By employing race to explicate Aramco, Dr. Vitalis not only misunderstands certain events but misses a basic truth: Aramco's espousal of partnership was not just a public-relations ploy. Corporate officials believed that shared benefits assured Aramco's long-term success in the kingdom, assuaging an inherent cultural aversion to its Western presence and the not-so-subtle affront it represents to the king's sovereignty: an element critical to his power yet not under his control.

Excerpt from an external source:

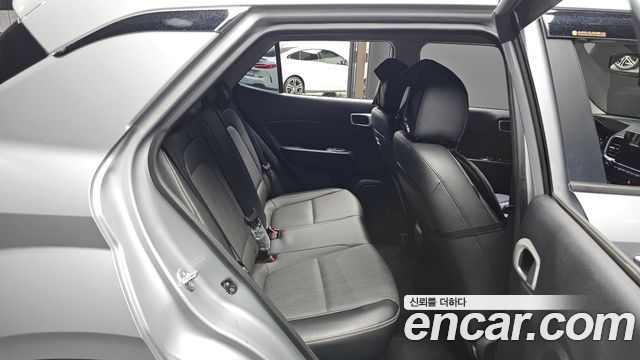 Hyundai Venue 2020 — photo 16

Aramco was obligated by the very nature of the oil industry — the capital investment required and the consequential imperative to exploit for the longest time possible the oil reserves discovered — to adopt a long view. The terms of the concession were measured not in years but decades. Thus, key personnel came to understand that Aramco had to respond attentively and effectively to the impact of its operations and the constraints upon them. Such an approach wouldn't assure success, but without it, failure was guaranteed. Ultimately, the oil concession represented as much a social contract as a business agreement.

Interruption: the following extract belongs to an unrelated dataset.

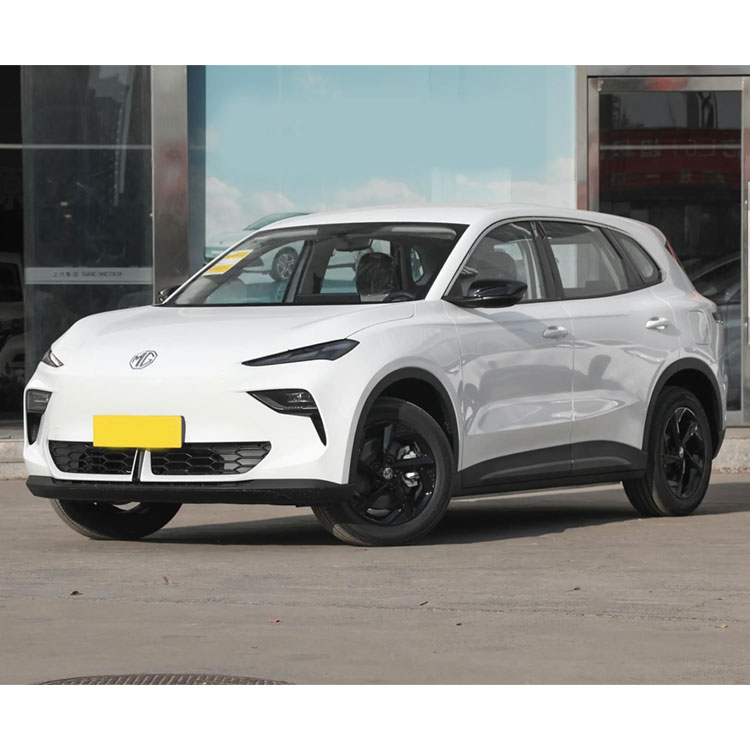 Baic MG ES5 Pro Pure Electric Long Range 515KM Auto Compact SUV 5-door 5-seat RWD New Car MG ES5 Electric Suv 2025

While I clearly disagree with Dr. Vitalis' own exploration of the "meaning" of Aramco, his study ably illustrates the inevitable tension grounded in the desire among Saudi nationals and their state to continually expand control over the company. He understands that Aramco must be seen as one piece of a much broader interaction between different systems of social, economic and culture ordering, not merely as a narrow operational agent for the exploitation of hydrocarbons. And one cannot but applaud his passionate desire to excoriate any evidence of corporate flummery. For those with more than a passing familiarity with Saudi Arabia, the book contributes value, not in the answers it proffers to key questions, but in the provocative manner by which issues are addressed. It strikes me, first and foremost, as an ideal text to stimulate debate within a graduate seminar. But it is not the first book an interested novice should turn to when struggling to comprehend America's "moment" in the Middle East.